Way back in Issue 3 we touched on how having tight hamstrings can affect your flexibility, mobility and cause back pain. Typically, the natural response by most athletes is to stretch the hamstrings on a consistent basis to become more limber. While this is obviously beneficial, all too often the quadriceps muscles are neglected in the process. Your quadriceps may not feel tight compared to your hamstrings whatsoever. It’s very easy to feel the pull and strain within a tight hamstring, but with your quadriceps, not so much. If overworked, these muscles tighten, lose elasticity and then cause muscle imbalances that may lead to any of the following:
• PFPS (Patello Femoral Pain Syndrome)
• Back pain (It may not have been your hamstrings after all)
• Hip pain and injuries
• Poor posture
• Negative effects of your body’s mechanics
• ACL (Anterior Cruciate Ligament) tears
What They Do
Our quadriceps muscles are responsible for the majority of movement at the knee. They are located at the front of our thighs and are comprised of four muscles, including the rectus femoris, vastus lateralis, vastus medialis and sartorius. Though you may not think it, the rectus femoris also plays a role in the flexion of the hips.
TQT (Tight Quads Test)
You can perform a quick and easy test to check for any tension within your quadriceps with or without the help of a partner. If you’re wearing shoes, take them off, as they’ll add a few inches and give you an inaccurate measurement. Lie down on your stomach, with your legs straight and knees together. Either bend one of your legs, or ask your partner to bend one, bringing the heel of your foot toward your butt as far as possible in attempt to have the two touch. Even if you manage to touch your heel to your butt, if there is a pull going on through your quadriceps, then they are not as loose as they can be. If you are unable to do this, only go to the point where resistance from the muscle’s tension is met. A ruler or protractor can be used to measure the distance between the two so you can monitor future progress. Now, perform the same steps with your other leg.
PFPS stands for Patello Femoral Pain Syndrome, which is a pain in the area and around the knee that is due to the patella (your knee cap) being misaligned. This is caused by an imbalance of tension within the muscles at the joint that pulls at your patella. More than likely this will cause a domino effect to take place, as your one unaligned joint effects others by causing them to overcompensate, which in turn, affects your body’s mechanics. Fun, right?
How Tight Quads Affect Jiu-Jitsu
When attempting a power double leg or when you change levels to snatch up a single leg, the majority of your power is focused directly on your quads and knees. Now that you understand what PFPS is, imagine trying to perform these. But it only affects takedowns, right? Wrong! For any sweeps or pushing movements that involve your feet, you are directly placing stress to these parts of your body.
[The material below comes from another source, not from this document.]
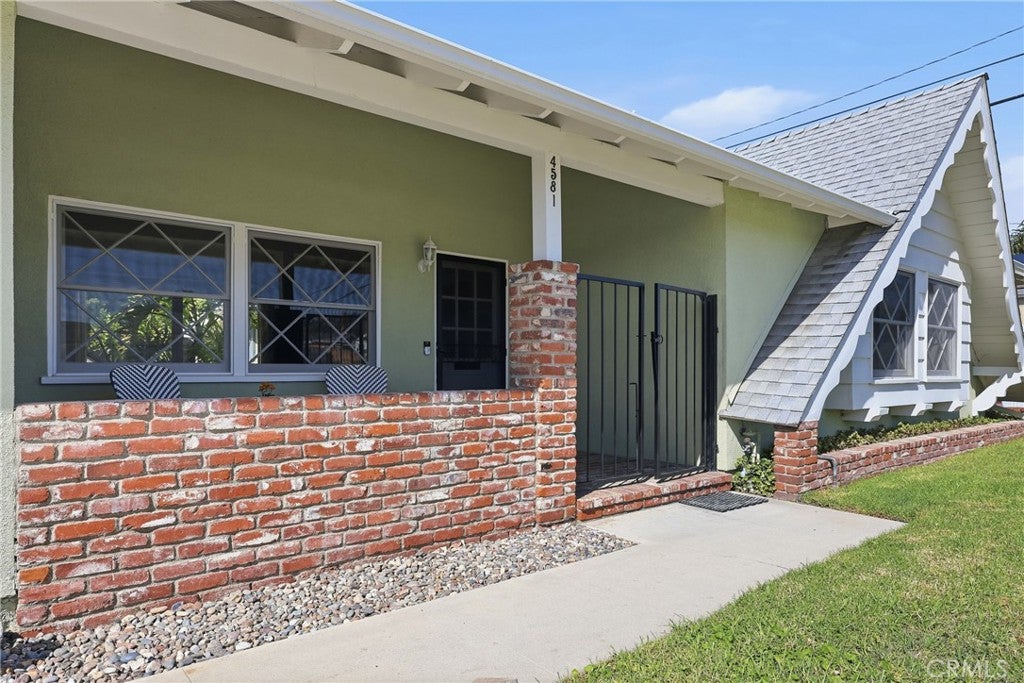 4581 Delafield Drive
Dynamic stretching gets your body warmed up and ready for the events you are intending to partake in. Performing stretches in this manner will increase blood and oxygen flow to the muscles, as well as other soft tissues within your body and increase range of motion. This will assist with reducing injury and can lead to improved performance.
1. Start running by flexing your knee, bringing your heel back toward your buttocks in an attempt to touch them.
2. Slightly lean forward, while staying on the balls of your feet.
1. Step forward and bend your lead leg, while simultaneously lowering your back knee toward the ground. Make sure that your front knee doesn’t extend past your toes and your back knee doesn’t touch the ground.
2. Push downward with your front heel, pressing upward, while stepping your back foot past your other to the front. You should now be in the same type of position, but with your legs in an opposite stance.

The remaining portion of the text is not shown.